Bronchiectasis Medical Therapy
Medical Treatment
Patient Education
- The patients should understand their diagnosis clearly.
- Smoking cessation, regular exercise, and proper nutrition should be advised.
- The patient should know how to self-manage acute exacerbations with a home supply of antibiotics.
Treatment of Acute Exacerbations
- The mainstay of treatment is antibiotic therapy.
- Once the sputum specimen is collected and sent for culture, a targeted antibiotic therapy is recommended.
- Colonization with a particular microorganism is graded as chronic if the same microorganism is detected in three or more consecutive cultures separated by at least 1 month over a period of 6 months.[1]
- Oral antibiotic therapy should be used first line for 10-14 days. Intravenous (IV) antibiotics may be needed if there has been: no response to oral antimicrobials, systemic deterioration or if pathogenic organisms sensitive only to IV agents are cultured. [1]

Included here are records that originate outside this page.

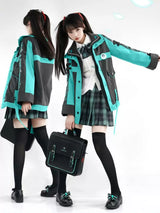 Hatsune Miku Collab Electric Blue "Miku with You" Cyber Jacket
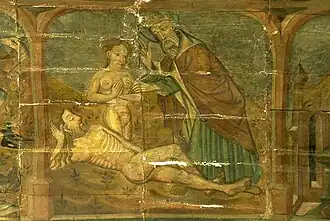 Fresque de l'église Notre-Dame-du-Tertre.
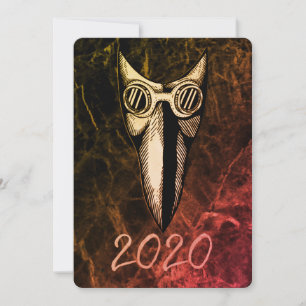 2020 - Jahr der Gesichtsmaske, Plague Doctor maske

- Here are suggested antibiotics with specific culture growth
- H. influenza type B
- Amoxicillin 1 g tds × 2/52, Doxycycline 100 mg bd × 2/52
- If β-lactamase-positive strain, Augmentin 625 mg tds × 2/52
- P. aeruginosa
- Ciprofloxacin 750 mg BD × 2/52
- If no response or resistant to above, consider IV alternatives for 2/52: Ceftazidime 2 g tds × 2/52 IV, Tazocin 4.5 g tds IV or Meropenem 1 g tds IV
- S. pneumoniae
- Amoxicillin 1 g tds × 2/52
- M. catarrhalis
- Augmentin 625 mg tds × 2/52 or Ciprofloxacin 500 mg BD × 2/52
- S. aureus
- Flucloxacillin 1 g qds × 2/52
References
- ↑ 1.0 1.1 McDonnell MJ, Ward C, Lordan JL, Rutherford RM (2013). "Non-cystic fibrosis bronchiectasis". QJM. 106 (8): 709–15. doi:10.1093/qjmed/hct109. PMID 23728208.